A Summer in Pakistan

Recently, I dreamt of Islamabad. It was a view of Faisal Masjid at night and as I looked at it, a shudder of recognition went through me as if it was a place I had forgotten but still knew on a chemical level. Since then, memories of Pakistan have been catching me in unexpected moments—at the sound of the athan from my phone, the smell of burning wood, or the taste of a guava. And I am carried back to the last time I was there, so long ago now, that every memory is a teaser clip with no beginning and an abrupt end.

~

It was after taraweeh. The city wouldn’t slumber completely on a Ramadan night, but it was settling down enough that the stars were starting to appear in the black sky. I was standing on the balcony on the roof of my grandparents’ home, looking out to the horizon. Where the sky met earth, the dark outline of Margalla Hills was visible at the footpath of the Himalayan Mountains, somehow a different black from the black of the sky. A patch of lights twinkled in a hollow of one of the hills—Monal Village— and then abruptly blinked out; routine load-shedding to reduce the strain on the power plants. Moments later, scant dots of lights twinkled back on in places where there were generators. The road winding down from it was lit sparsely and although I couldn’t see it, somewhere a few miles down, was Daman-e-Koh, the hilltop where the monkeys begged for snacks at the pakora stall.

Pools of darkness stretched down from there until suddenly, the triangle of Faisal Masjid rose out of the clouds, glowing white stone and light from the four minarets. All night the mosque would be filled with the recitation of Quran by representatives from every region of the country and televised, nationally.

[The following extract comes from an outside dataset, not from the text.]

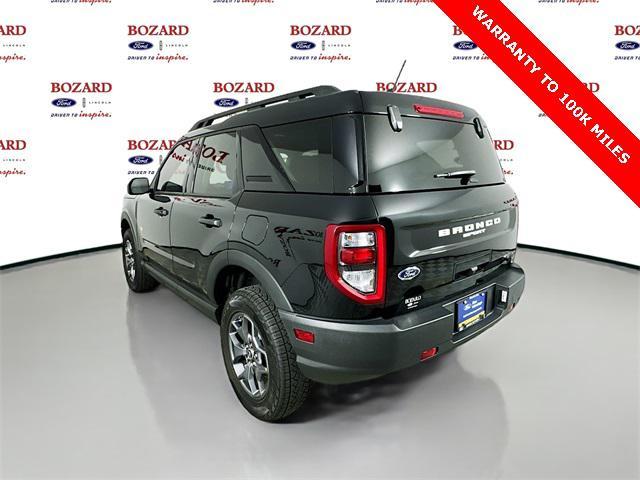 used 2024 Ford Bronco Sport car, priced at $34,500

And then, the rest of the city, under the cover of the night, sparkling showers of open shops draped in celebratory strings of light, and naked light bulbs over street stalls, the homes of the residents of this city, the streak of red and gold as cars and taxis went by.

Under my own balcony, the street was quiet, the houses dark except for the street lamps. The occasional sound of the crackle of radio in a car driving past, the smell of its fumes, the footsteps of two people walking side by side, sometimes one mass, sometimes two as they came together then apart, distinguishable as a man and a woman when they came under the beam of the lamp, by his flat rolled brim hat and her dupatta.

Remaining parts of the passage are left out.